Required action:
Could you transcribe exactly the lines from the one containing "2025年镇履行职责事项清单_第3页" through the end of the listing below, both included, but none of the pictures?

The input:

◇ ◇ ◇

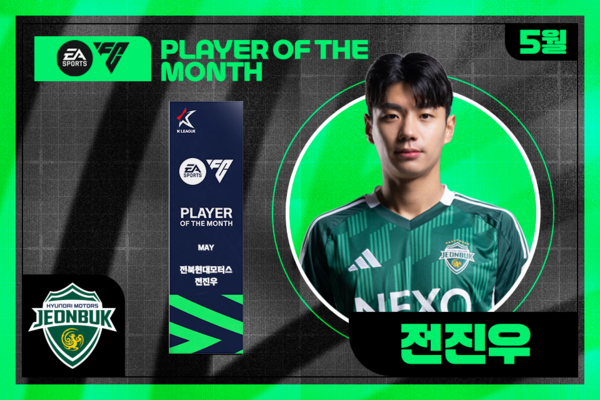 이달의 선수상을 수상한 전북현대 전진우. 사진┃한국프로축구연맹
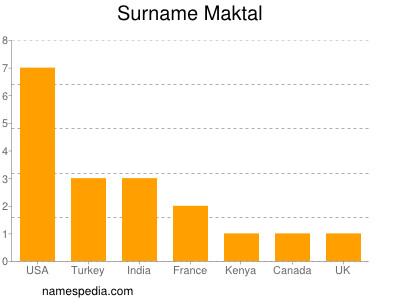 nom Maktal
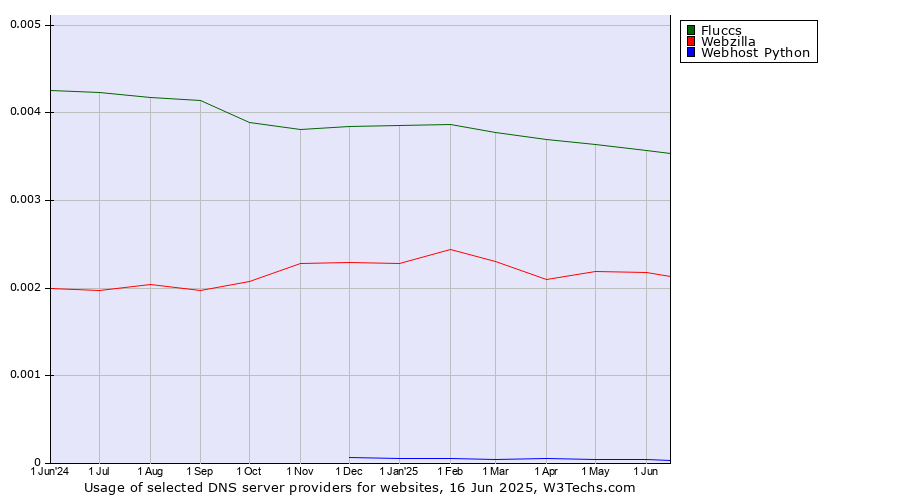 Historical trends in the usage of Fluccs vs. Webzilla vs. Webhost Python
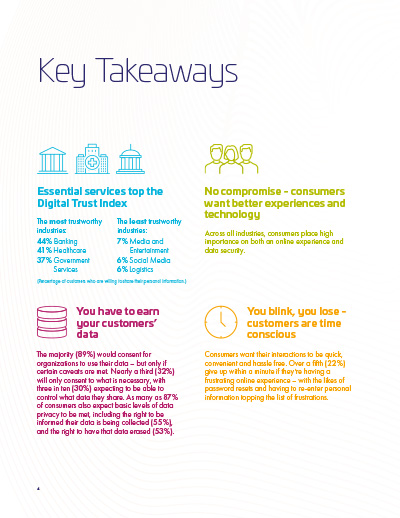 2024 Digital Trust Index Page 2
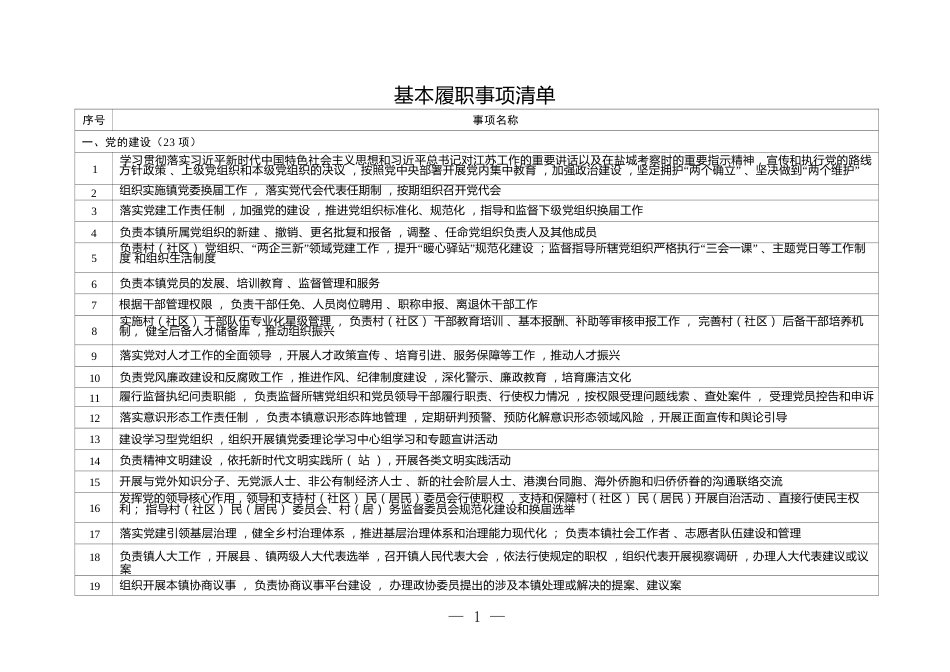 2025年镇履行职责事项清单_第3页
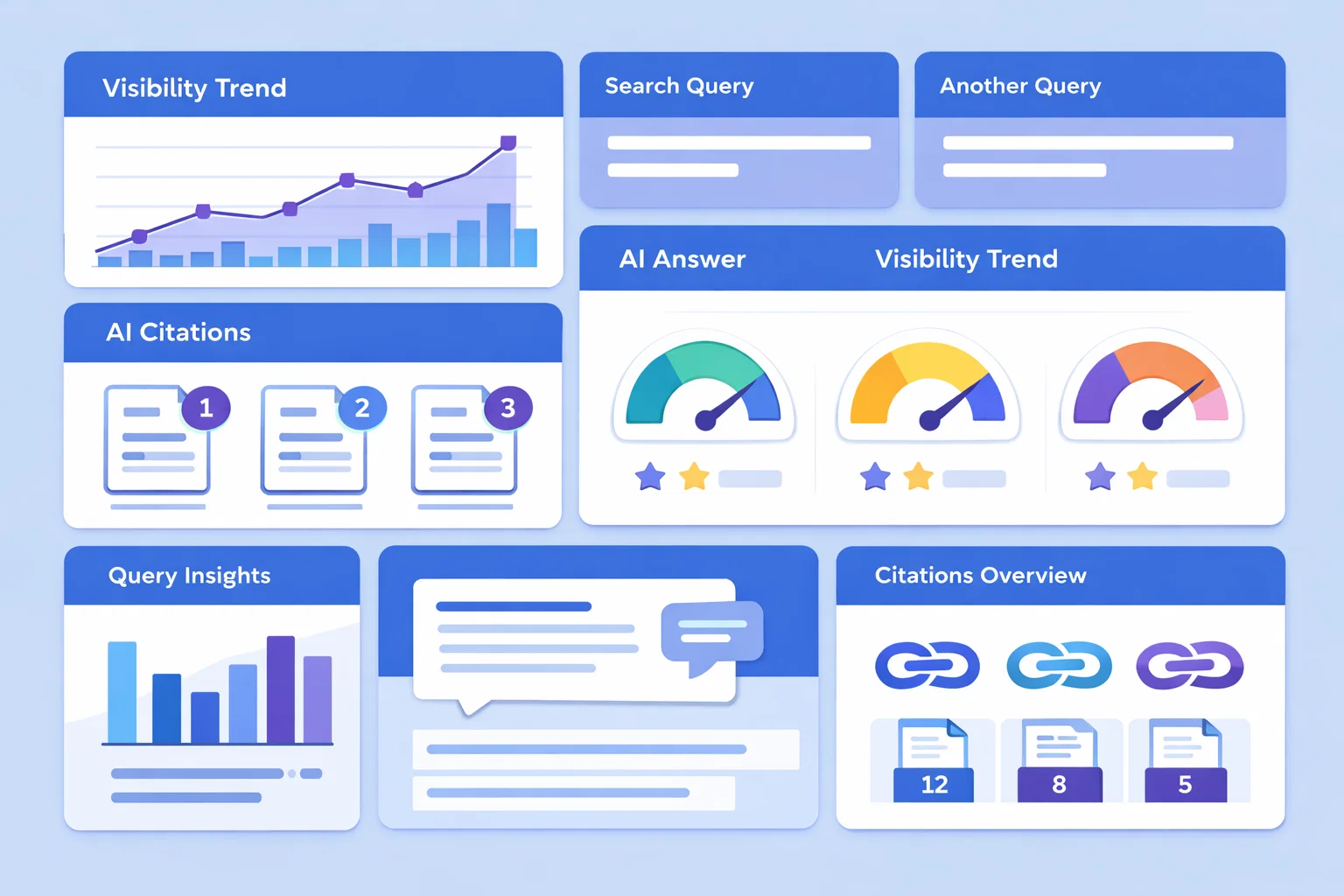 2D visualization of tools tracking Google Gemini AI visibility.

◇ ◇ ◇

Finished exercise:
 2025年镇履行职责事项清单_第3页
 2D visualization of tools tracking Google Gemini AI visibility.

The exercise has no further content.